The data
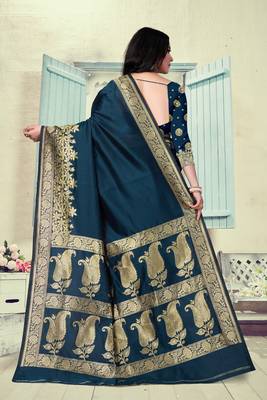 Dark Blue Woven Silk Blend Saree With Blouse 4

---

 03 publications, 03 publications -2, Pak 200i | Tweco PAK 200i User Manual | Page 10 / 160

...

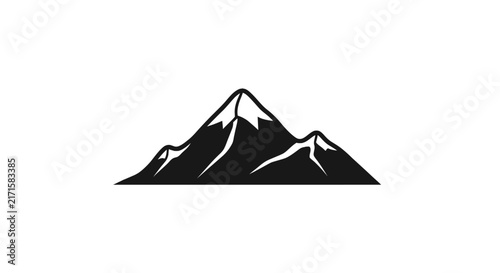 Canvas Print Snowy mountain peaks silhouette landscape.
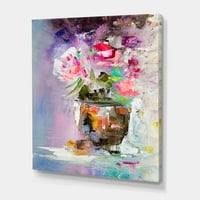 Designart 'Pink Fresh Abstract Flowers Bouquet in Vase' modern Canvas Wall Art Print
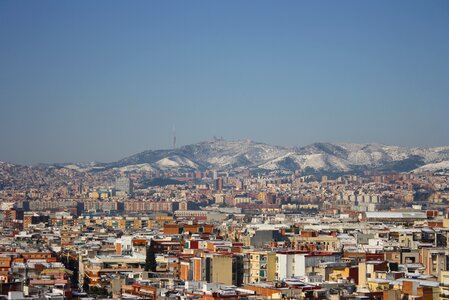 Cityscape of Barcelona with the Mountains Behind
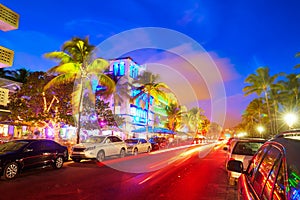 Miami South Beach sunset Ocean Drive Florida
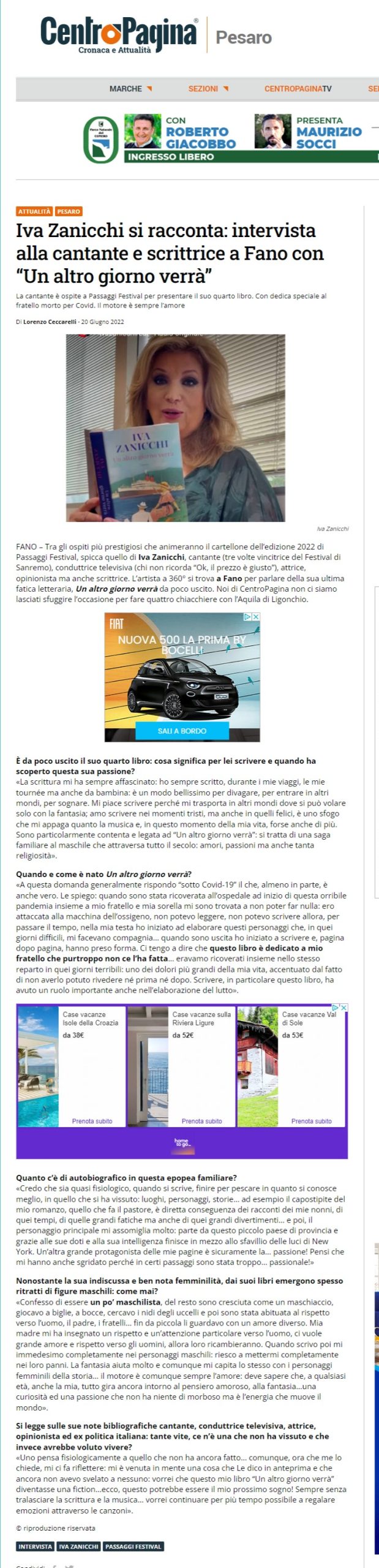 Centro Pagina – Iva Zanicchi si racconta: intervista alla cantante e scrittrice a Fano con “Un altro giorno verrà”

What you will do
Lines from the one above containing "Cityscape of Barcelona" down to the one containing "Centro Pagina –" should be transcribed exactly, with both ends kept and no pictures.

Reply to the exercise
 Cityscape of Barcelona with the Mountains Behind
 Miami South Beach sunset Ocean Drive Florida
 Centro Pagina – Iva Zanicchi si racconta: intervista alla cantante e scrittrice a Fano con “Un altro giorno verrà”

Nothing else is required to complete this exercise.